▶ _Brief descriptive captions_

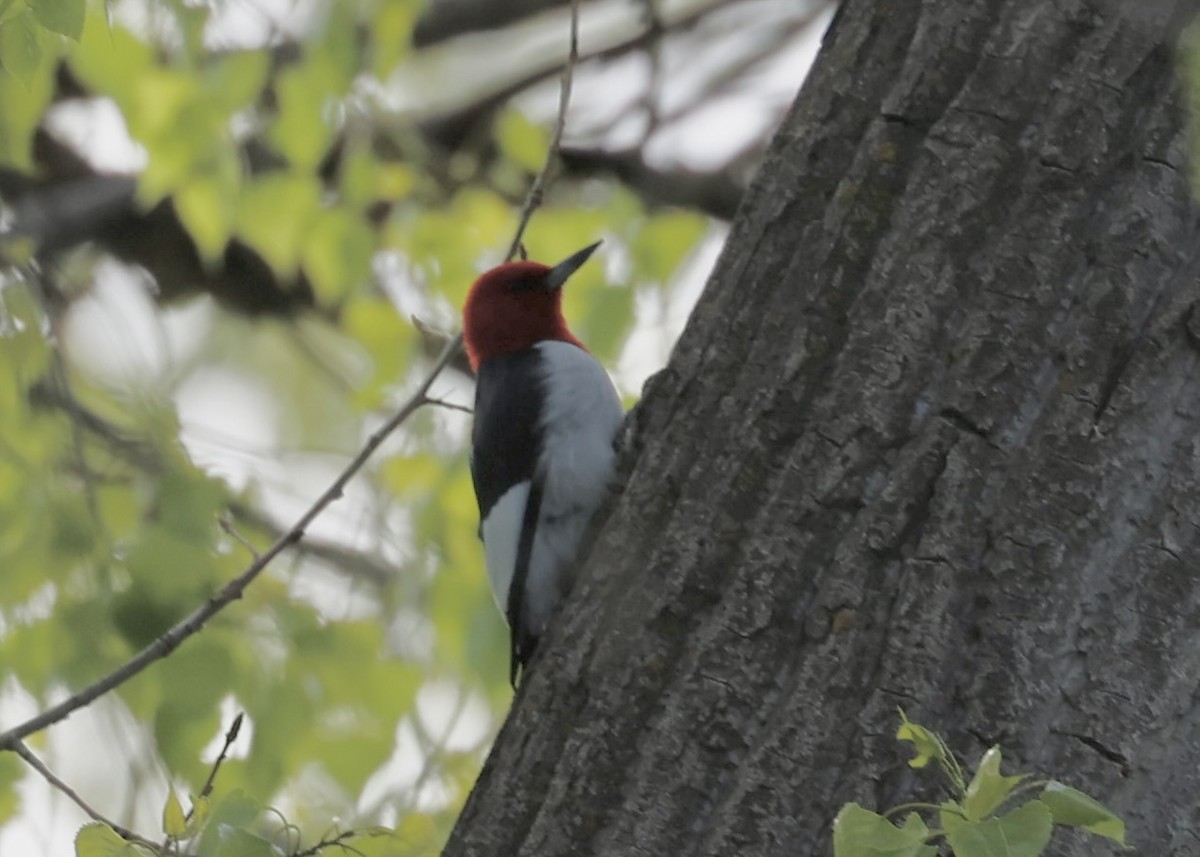 Red-headed Woodpecker - ML618906018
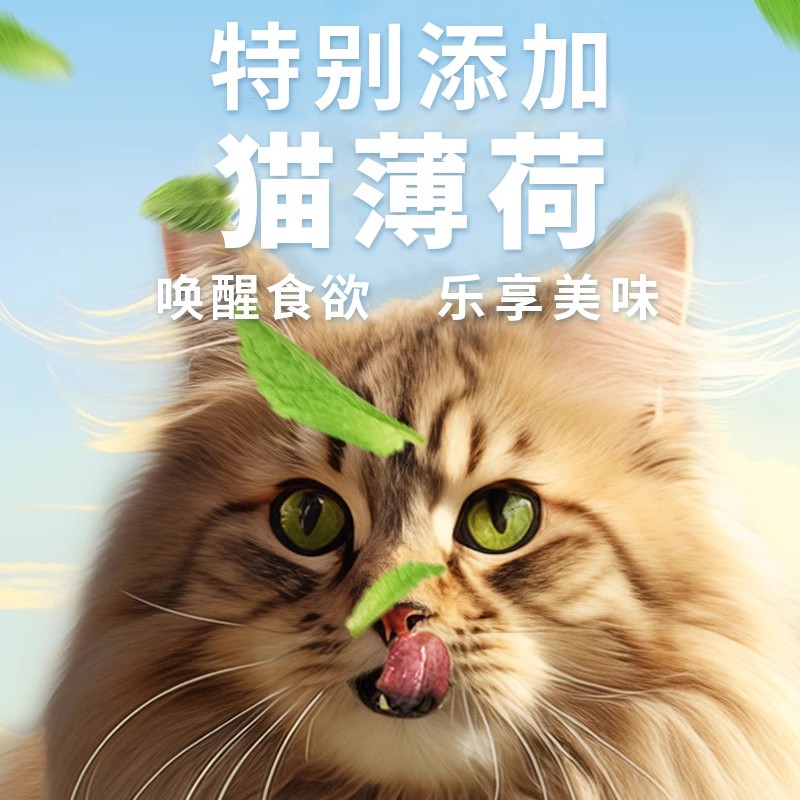 【天猫U先】小李子猫罐头主食罐猫咪零食罐蔓越莓味200g - 图1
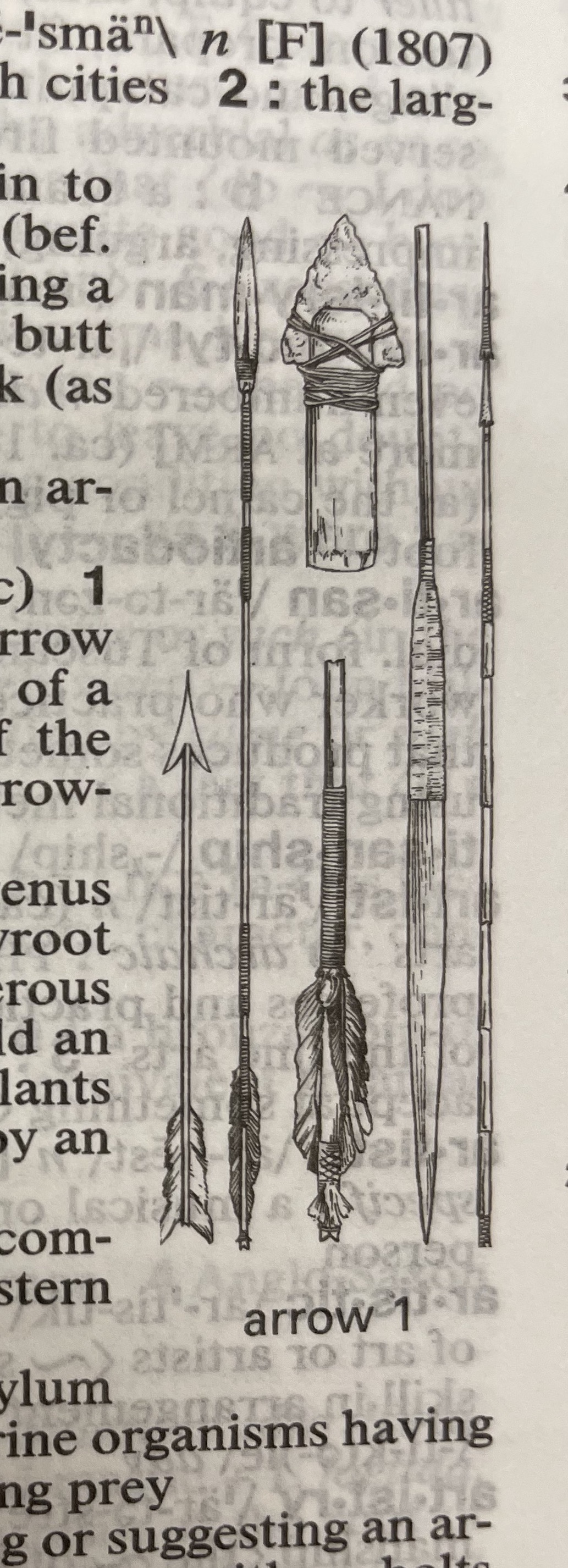 Dictionary illustration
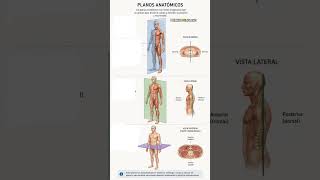 Lo que TODOS confunden de los planos anatómicos #anatomia #anatomy #anatomiafacil #medicina #booktok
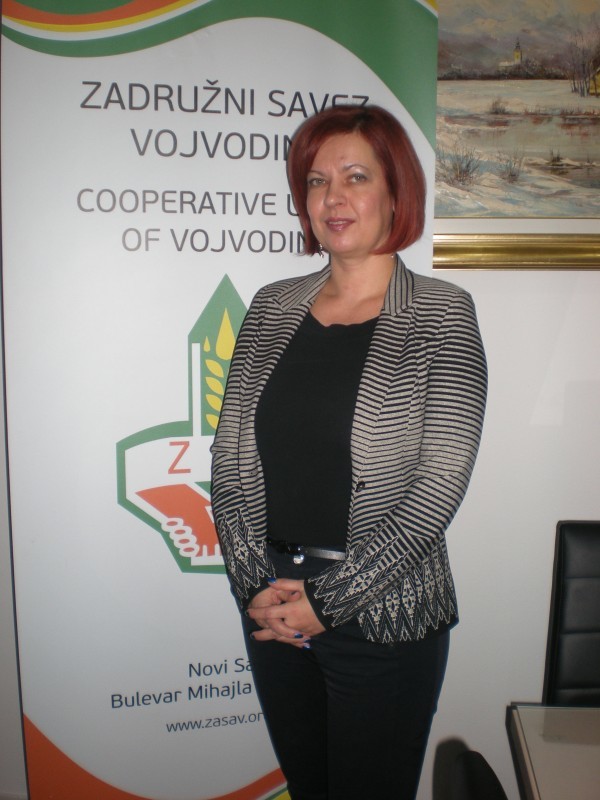 Jelena Nestorov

▶ _TASK PROMPT_
Print all the lines above again exactly, without any pictures.

▶ _ANSWER BELOW_
 Red-headed Woodpecker - ML618906018
 【天猫U先】小李子猫罐头主食罐猫咪零食罐蔓越莓味200g - 图1
 Dictionary illustration
 Lo que TODOS confunden de los planos anatómicos #anatomia #anatomy #anatomiafacil #medicina #booktok
 Jelena Nestorov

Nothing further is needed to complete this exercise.